Traditionally, the law year commences with a church service. In a hangover from the law’s English heritage, that service is always held in July. In Australia (and Queensland in particular) this is a good thing. Barristers, judges and clergy alike turn up in full kit – wigs, ermine fringed gowns, robes, the lot. Everyone in the local legal fraternity also fronts up. The most senior judge in the jurisdiction delivers a short address, as does the most senior clergyman. It is all very formal and ritualistic, a hangover from a bygone age. For a skeptic and atheist like me, it presents something of, ahem, a challenge.
Our law term commencement service was yesterday. I toyed with the idea of not going, but decided this would not only look churlish, but was churlish. Country towns with small professions are generally very collegial, and failing to front at an event social as much as religious would mark me out as someone with an unnecessary bug in my hat.
I gave religion the boot when I was about 13. Not for any particular reason, just that I found I didn’t believe it, no matter how hard I tried. It was impossible to relate to such a distant God. I never got the sense that God was among us, and strongly suspected that Jesus Christ was a greatly misunderstood philosopher and freethinker, but most definately not God. As I was on a full scholarship at a religious school, this presented something of a quandary. So I did what countless non-believers in a similar setting have done in the past. I kept schtum and observed the bare minimum, floating (largely) under the radar. My family wasn’t particularly religious, so this was no great burden.
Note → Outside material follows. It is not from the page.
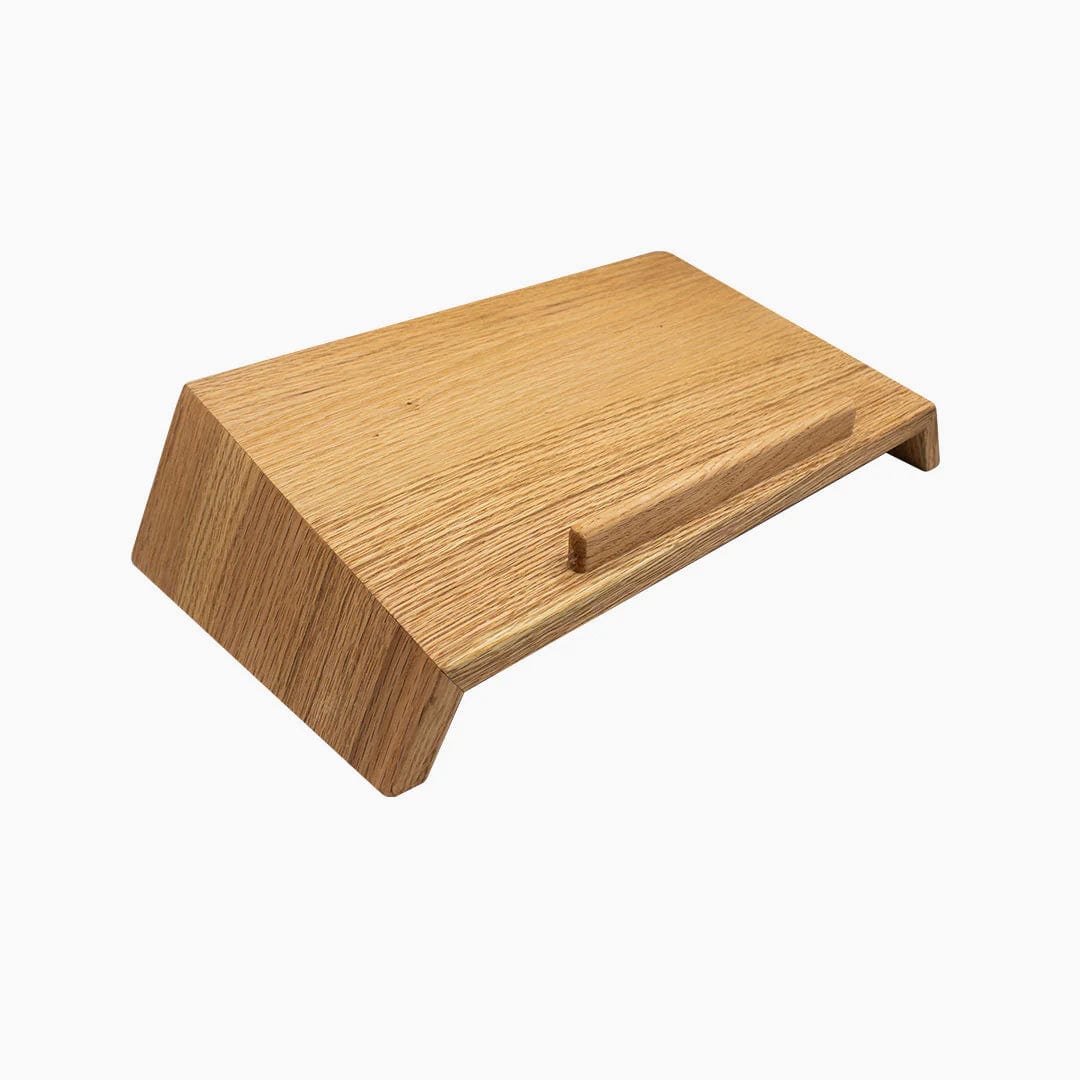 Desky Wooden Laptop Riser - Image 13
In later years, I was grateful for the solid religious instruction I received. Apart from perplexing the door-to-door hawkers of various American-made beliefs, I’m generally fairly well-informed on religious debate, doctrine and scripture. I’ve noticed that those who know nothing are more easily snowed, particularly by some of the loopier fringe religions. Although operating out of a different tradition, I think David Hicks falls firmly into this category. A political and religious naif, he was easily persuaded into adopting a system that had neat, pat answers to everything within his ken, not to mention a few tasty conspiracy theories to boot.
The bishop, in his law term address, spent a pungent ten minutes talking about the separation of church and state, and how Christianity – in cooperation with parliament and the courts – had largely achieved this, while Islam had not. He pointed out that religious morality, when enforced by the state, utterly loses its power to persuade. The essence of true morality is choice. Legal ‘right’ and religious ‘right’ may often coincide, but that is an effect of history, not enforcement.
Needless to say, my discomfort at being in a place where everything was unfamiliar – the hymns, the procedure, the method – evaporated at least temporarily. I realised that to a very large degree, this Anglican clergyman was articlating what skeptics have been saying for years: if society is to function, religion has to be kept in its box.
Afterwards, scone in hand (yes, these churchy things are also characterised by devonshire teas and good, strong coffee), I sought out the bishop and complimented him on his talk (called a homily, I learned). ‘Oh yes,’ he said mildly. ‘We are on the same side in this’.